# BRIEF:
Every line below needs to be printed again exactly, without any of its pictures.

Scraped caption text data:
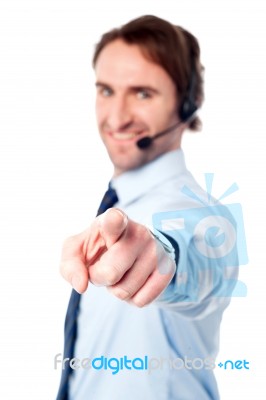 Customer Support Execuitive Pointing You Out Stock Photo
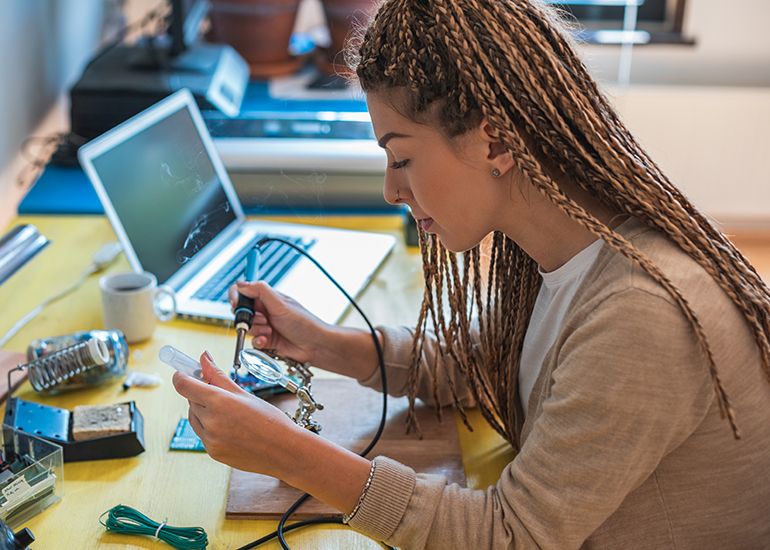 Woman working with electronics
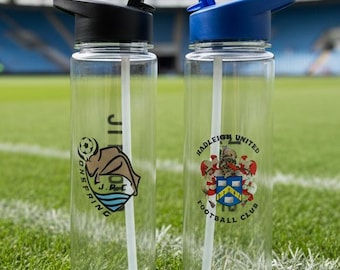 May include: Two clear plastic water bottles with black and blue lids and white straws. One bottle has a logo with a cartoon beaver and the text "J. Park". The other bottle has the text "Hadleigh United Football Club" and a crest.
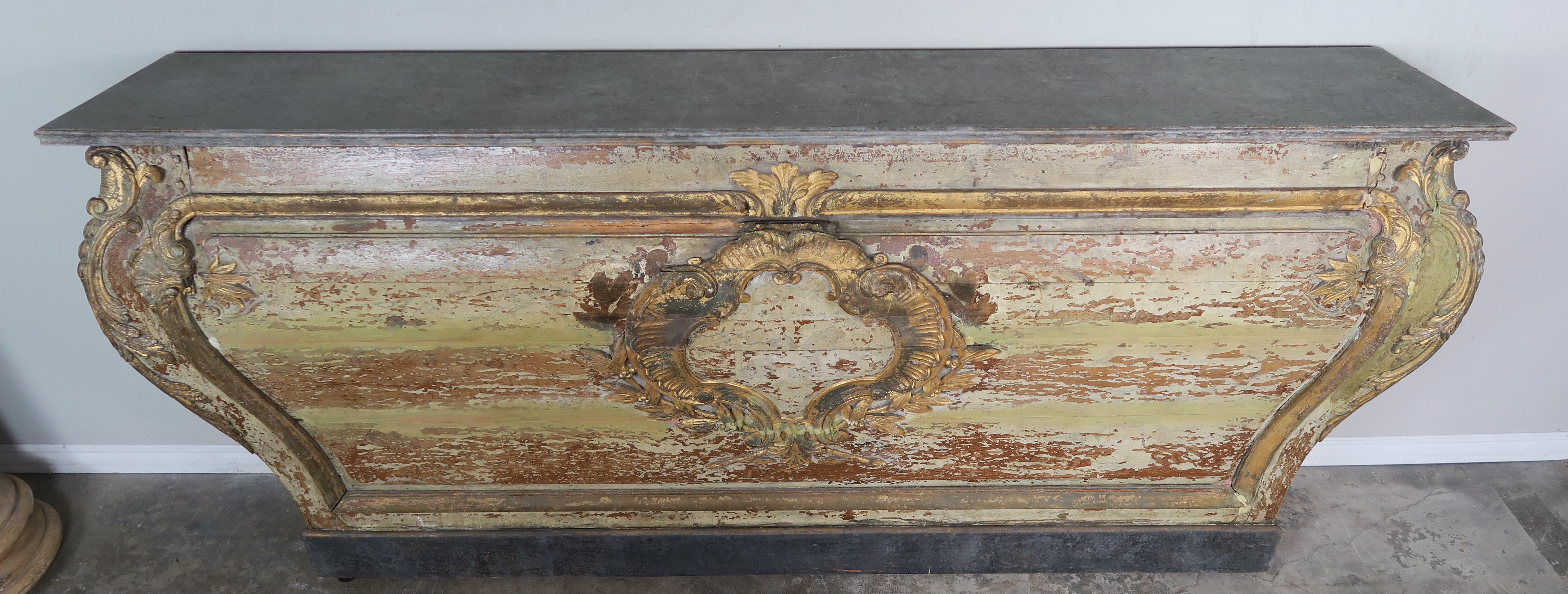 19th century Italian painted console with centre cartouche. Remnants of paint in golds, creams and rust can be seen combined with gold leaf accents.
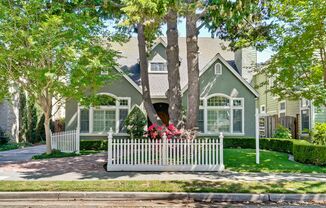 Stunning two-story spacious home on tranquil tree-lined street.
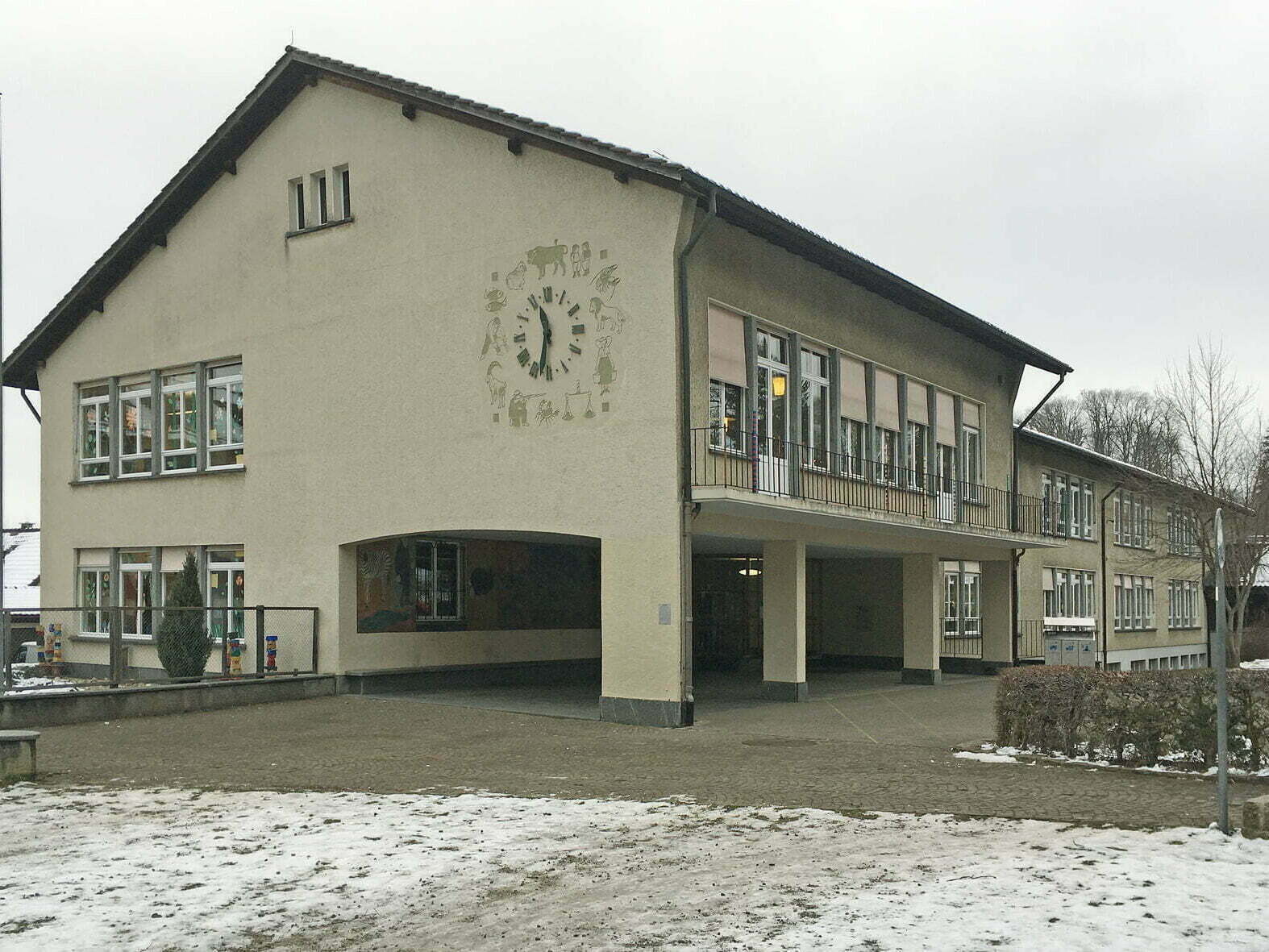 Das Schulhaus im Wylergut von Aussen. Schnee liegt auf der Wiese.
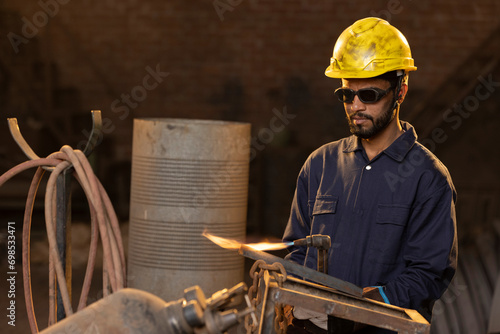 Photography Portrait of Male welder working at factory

# YOUR RESPONSE:
 Customer Support Execuitive Pointing You Out Stock Photo
 Woman working with electronics
 May include: Two clear plastic water bottles with black and blue lids and white straws. One bottle has a logo with a cartoon beaver and the text "J. Park". The other bottle has the text "Hadleigh United Football Club" and a crest.
 19th century Italian painted console with centre cartouche. Remnants of paint in golds, creams and rust can be seen combined with gold leaf accents.
 Stunning two-story spacious home on tranquil tree-lined street.
 Das Schulhaus im Wylergut von Aussen. Schnee liegt auf der Wiese.
 Photography Portrait of Male welder working at factory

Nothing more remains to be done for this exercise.